DATA TO EXAMINE:

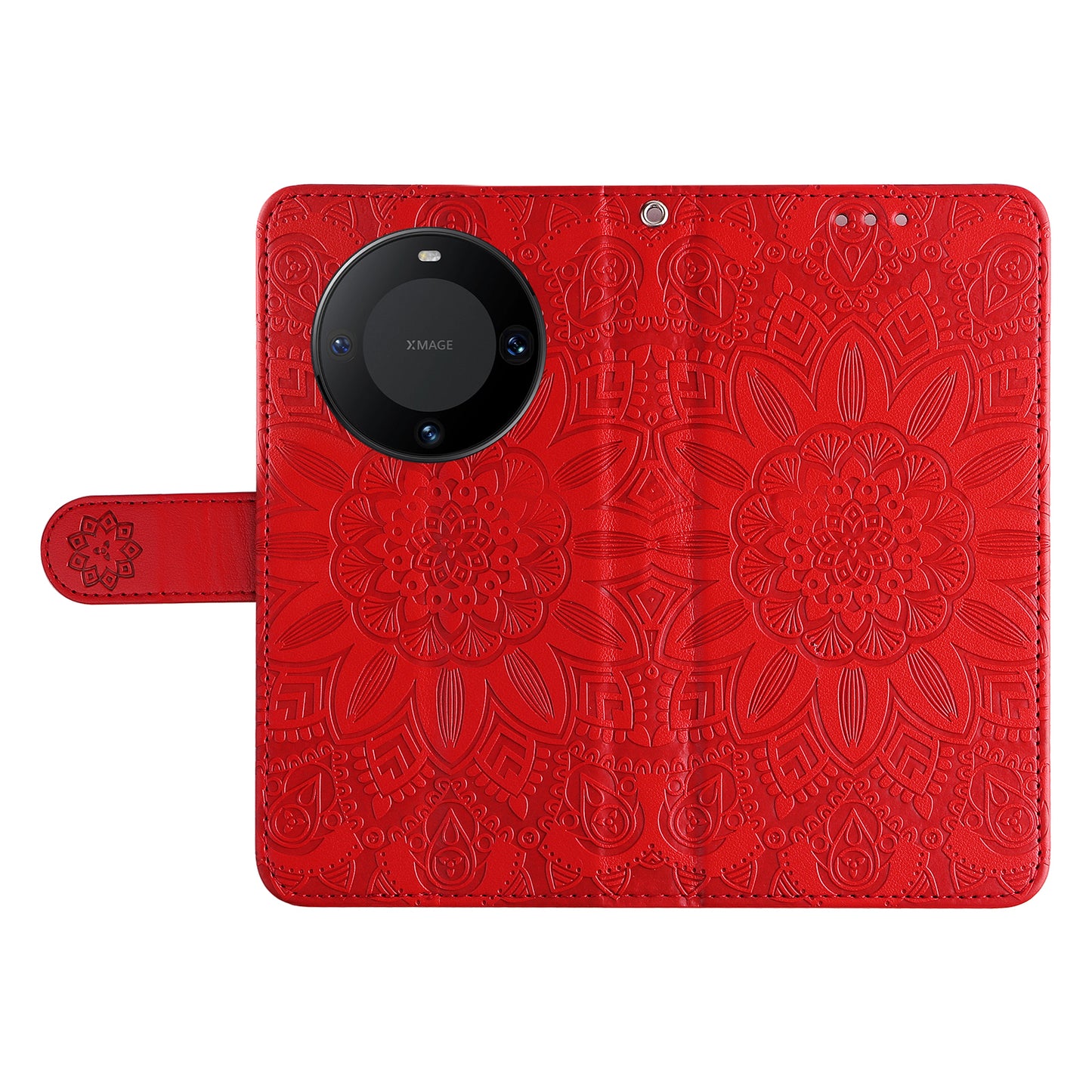 For Huawei Mate 60 Pro Case Wallet Stand Shell PU Leather Sunflower Imprinted Phone Cover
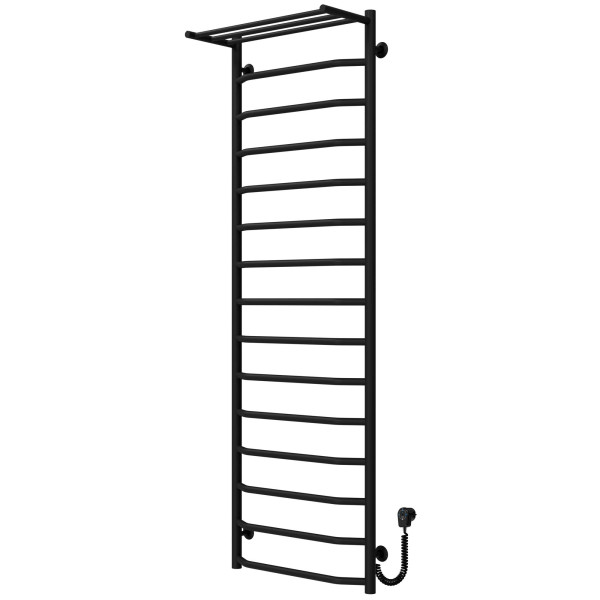 Buy an electric heated towel rail Trapezium with shelf P15 500х1600 Deffi stainless steel (Black, EF16, Right connection)
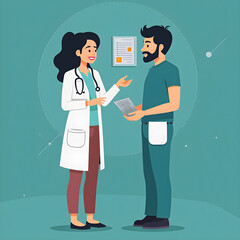 Friendly interaction between a female doctor and male patient in a medical setting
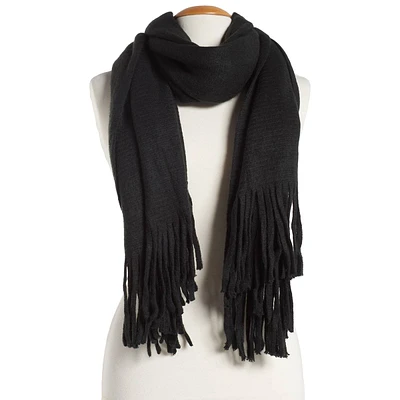 Womens Steve Madden Soft Woven Scarf - Black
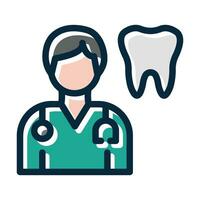 dentista vetor Grosso linha preenchidas Sombrio cores ícones para pessoal e comercial usar.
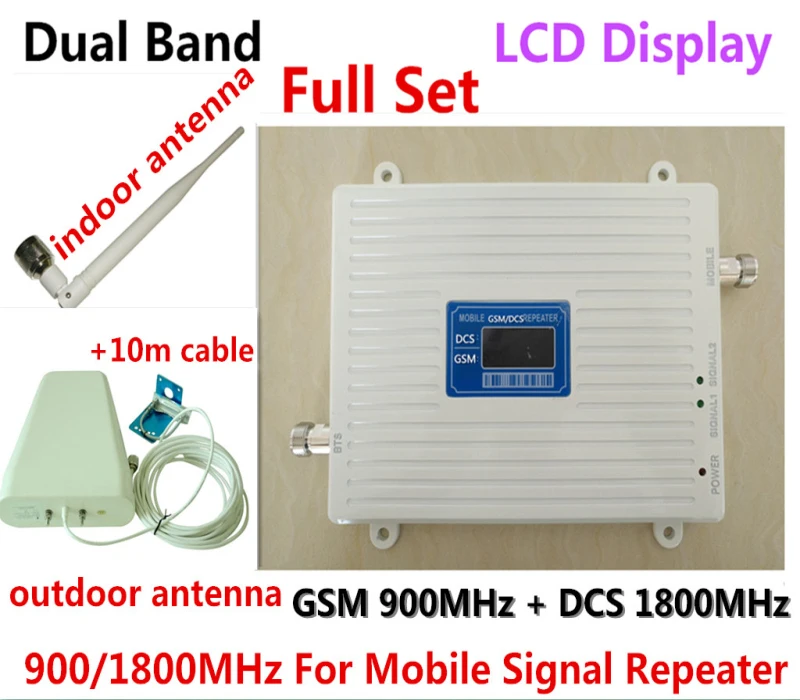 

LCD Display DCS 1800Mhz GSM 900Mhz Dual Band Mobile Phone Signal Booster with Log Periodic Antenna + Indoor Antenna Full Set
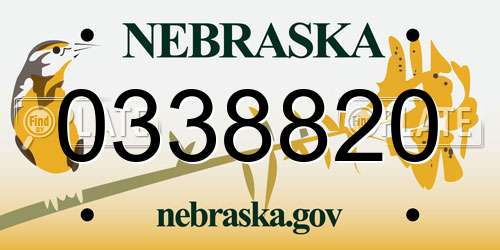0338820 Nebraska License Plate
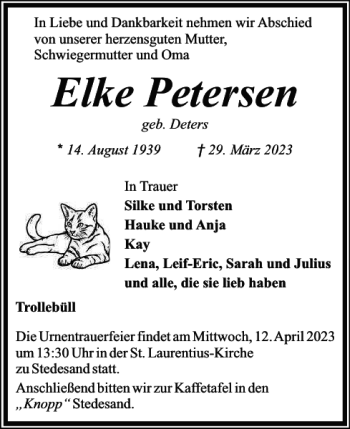 Traueranzeige von Elke Petersen von Nordfriesland Tageblatt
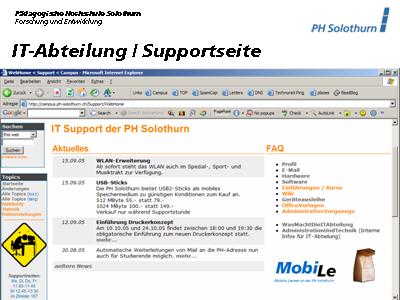 Nutzungsbeispiel: IT-Abteilung / Supportseite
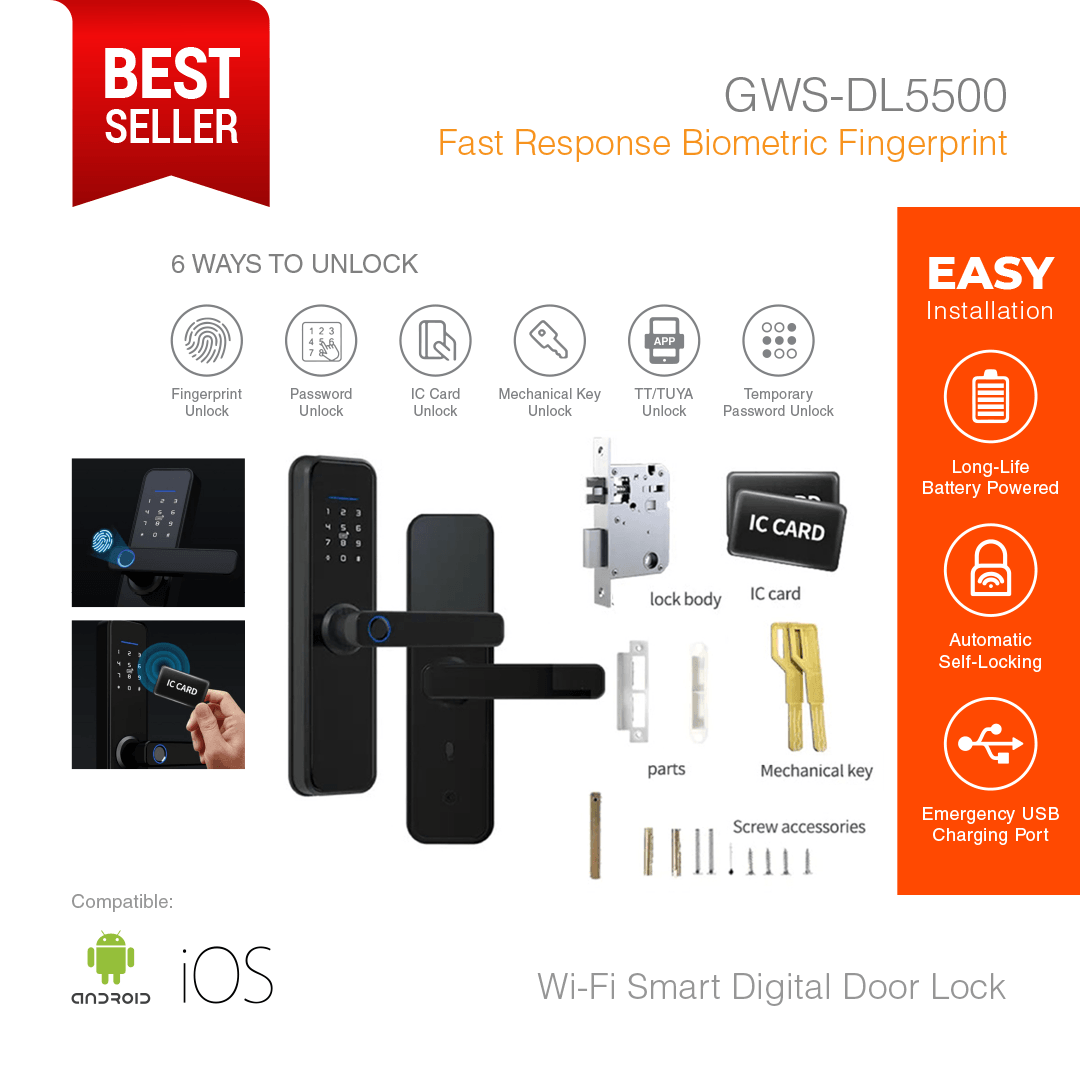 Smart Digital Door Lock Biometric Fingerprint GWS-DL5500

YOUR INSTRUCTIONS:
This task calls for the records to be copied exactly, without pictures.

EXPECTED OUTPUT:
 For Huawei Mate 60 Pro Case Wallet Stand Shell PU Leather Sunflower Imprinted Phone Cover
 Buy an electric heated towel rail Trapezium with shelf P15 500х1600 Deffi stainless steel (Black, EF16, Right connection)
 Friendly interaction between a female doctor and male patient in a medical setting
 Womens Steve Madden Soft Woven Scarf - Black
 dentista vetor Grosso linha preenchidas Sombrio cores ícones para pessoal e comercial usar.

LCD Display DCS 1800Mhz GSM 900Mhz Dual Band Mobile Phone Signal Booster with Log Periodic Antenna + Indoor Antenna Full Set
0338820 Nebraska License Plate
 Traueranzeige von Elke Petersen von Nordfriesland Tageblatt
 Nutzungsbeispiel: IT-Abteilung / Supportseite
 Smart Digital Door Lock Biometric Fingerprint GWS-DL5500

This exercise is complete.